Semua itu membangun klimaks emosional dari set: “See Me, Feel Me.” Ini datang dengan fajar, sinar pertama matahari pagi menyentuh panggung saat Townshend melakukan windmill dan Daltrey hampir berteriak keras pada bagian “Listening to you” dari lagu tersebut. Videonya, yang diabadikan dalam dokumenter Woodstock, memberikan catatan audiovisual dari salah satu pengalaman live paling luar biasa yang bisa disaksikan di konser mana pun. Transendensinya adalah sedemikian rupa sehingga Anda akan dimaafkan karena melupakan bahwa The Who memainkan tiga lagu lagi, cover dari “Summertime Blues” dan “Shakin’ All Over” dan penutup “My Generation,” yang adalah blues-rock yang sangat kuat.
“See Me, Feel Me” bukanlah satu-satunya momen yang penuh emosi dan tercharged dari set Woodstock. Itu adalah momen yang bertahan dari sudut pandang musik. Fakta bahwa itu terjadi di Woodstock bersifat kebetulan. Momen lainnya unik untuk periode waktu dan acara serta secara tidak sengaja mengungkapkan betapa aneh penampilan dan performa The Who di Woodstock sebenarnya.
Saat “Pinball Wizard” ditutup, provokator hippie Abbie Hoffman berlari ke panggung untuk menyerukan agar manajer MC5/ pemimpin White Panther Party John Sinclair dibebaskan dari penjara atas tuduhan obat yang dilebih-lebihkan. Ini adalah hal yang sangat khas terjadi di akhir tahun 1960-an. Namun Hoffman memilih set dan aksi yang salah untuk mengganggu, untuk masalahnya, dia menerima pukulan dari gitar Townshend dan ancaman dari Pete untuk “Keberatan! Keberatan dari panggung kub!”
Karena saat The Who ada di Woodstock, itu bukan tentang perdamaian, cinta, dan keadilan. Itu tentang perjalanan band dan kualitas penampilannya sendiri. Dan, meskipun ada ketidakcocokan tentang para hippie dan acara itu, ada lebih dari cukup untuk disyukuri di Woodstock sehingga mereka merasa terdorong untuk mengingat kembali sepanjang tahun.
Setelah penampilan The Who, band dan manajemen merasa terinspirasi untuk merekam album live secara resmi. Produk dari keputusan itu adalah Live at Leeds, pilihan kritis konsensus sebagai salah satu album live terbesar sepanjang masa.

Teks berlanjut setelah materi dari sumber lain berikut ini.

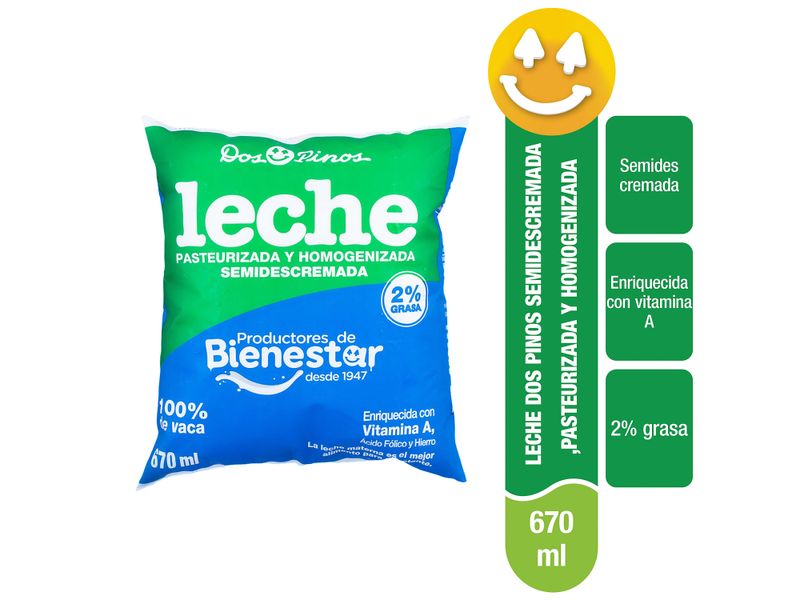 Leche-Marca-Dos-Pinos-Semidescremada-Pasteurizada-y-Homogenizada-670ml-1-37326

Dan pada tahun 1970, ketika The Who menjadi bintang utama festival Isle of Wight di depan 600.000 orang, grup ini memilih untuk mereproduksi efek dramatis dari urutan penutup Woodstock itu. Mereka tidak tampil di jam-jam awal pagi, jadi mereka membawa lampu sorot besar untuk menerangi panggung dan penonton dengan cahaya selama “See Me, Feel Me.”
Pada bulan Juni, Roger Daltrey merilis rekaman live dengan orkestra simfoni dan anggota band The Who yang saat ini sedang tur dari Tommy secara keseluruhan. Dan tempat dari sebagian besar rekaman itu?
Bethel, New York.
Jim Shahen is a music writer from parts around Albany, NY. He's figuring it out.
Exclusive 15% Off for Teachers, Students, Military members, Healthcare professionals & First Responders - Get Verified!